11.7 Quick Reference Manual
We've read through the code, studied the protocols — now let's assemble all the scattered pieces back into a single blueprint.
This section is essentially a "cheat sheet." The next time you're wandering around the kernel, trying to figure out how a packet actually gets pulled from the NIC into a socket buffer, this sheet will help you quickly pinpoint which function is doing the heavy lifting.
We've organized these methods by protocol, laying out the most important macros and tables for easy reference.
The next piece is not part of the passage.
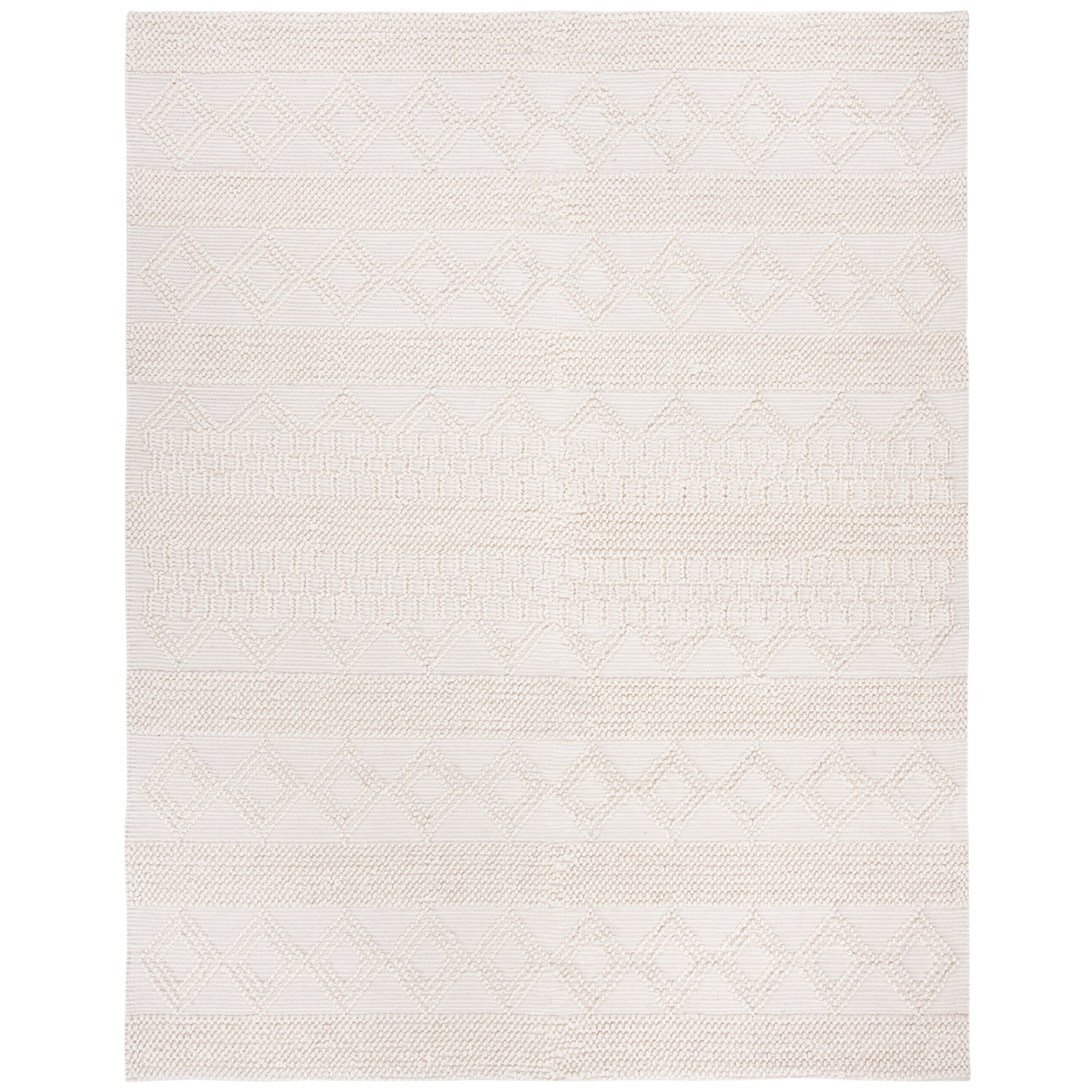 SAFAVIEH, Handmade Natura Paladia Wool Rug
Core Method Quick Reference
This isn't an exhaustive list — it's the "axles" that truly drive the protocol machinery.
Generic Socket Operations
These handle the socket's own lifecycle and generic attributes. Whether it's TCP, UDP, or DCCP, they all pass through these gates.
-
int sock_create(int family, int type, int protocol, struct socket **res);This is the kernel-side projection of the user-spacesocket()system call. It does two things: a sanity check (verifying the family and type are valid), and callingsock_alloc()to allocate astruct socket, followed by invoking the protocol family'screatemethod. For IPv4, that'sinet_create(). Without this step, nothing else that follows is possible. -
int sock_map_fd(struct socket *sock, int flags);We have a socket structure, but we need to turn it into a file descriptor to return to the user. This method allocates an fd and fills in the file entry. It's the glue layer for the "everything is a file" philosophy. -
void sock_hold(struct sock *sk);/void sock_put(struct sock *sk);The lifecycle of kernel objects relies entirely on reference counting.sock_hold"pins it" — increments the count, preventing release during use.sock_put"lets go" — decrements the count, and when it hits zero, triggers release. This is the safety latch in concurrent environments: one missingputmeans a leak; one missingholdmeans a panic. -
bool sock_flag(const struct sock *sk, enum sock_flags flag);struct sockhas a pile of flag bits (e.g.,SOCK_DEADindicating the connection is dead). This function checks whether a specific bit is set. Simple, but the most direct way to check connection state.
IP Layer Helpers
int ip_cmsg_send(struct net *net, struct msghdr *msg, struct ipcm_cookie *ipc);This is the parser for "non-ordinary data" passed via ancillary data from user space. When you usesendmsgwith control information attached (like specifying a source IP or interface), the kernel parses thismsghdrinto anipcm_cookiestructure. The latter is the "instruction set" that the IP layer actually understands.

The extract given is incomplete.